===== Record set =====

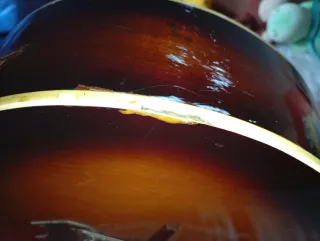 Guitarra Española Clásica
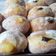Cooksnap dari Angginnekn untuk resep Bombolini Vla Susu Keju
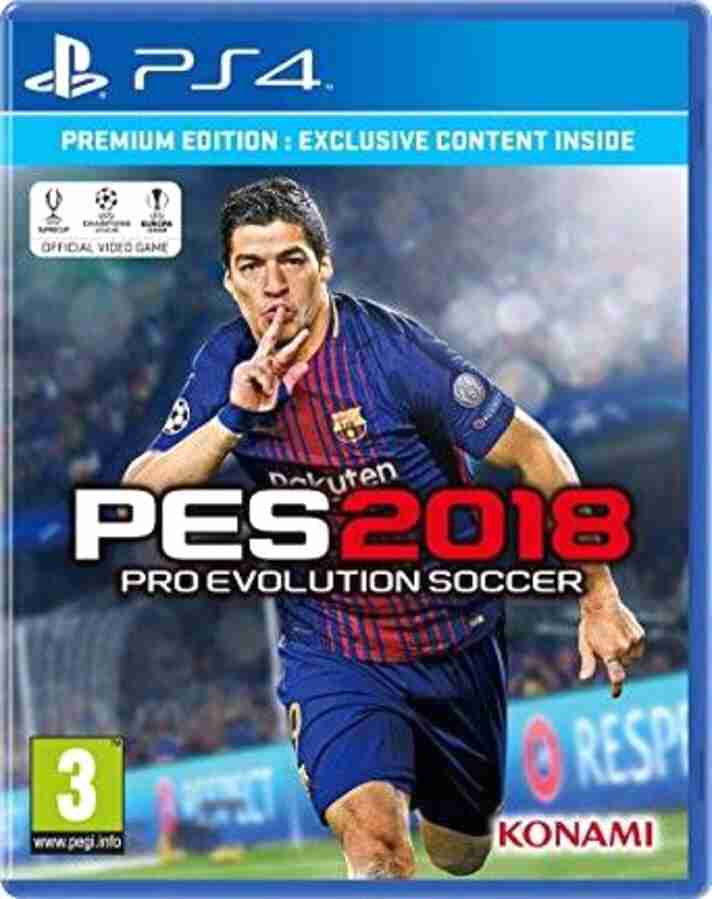 العاب بلايستيشن 4 (ps4)                                            


	 				لا تنسَ أنك شاهدت هذا الإعلان في عنكبوت            
	 				
                                السعر 20 .
التوصيل عليك...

=====

:: Assignment ::
Copy exactly, with no pictures, the lines from the line containing "العاب بلايستيشن 4" through the last line of the records above.

:: Written solution ::
 العاب بلايستيشن 4 (ps4)                                            


	 				لا تنسَ أنك شاهدت هذا الإعلان في عنكبوت            
	 				
                                السعر 20 .
التوصيل عليك...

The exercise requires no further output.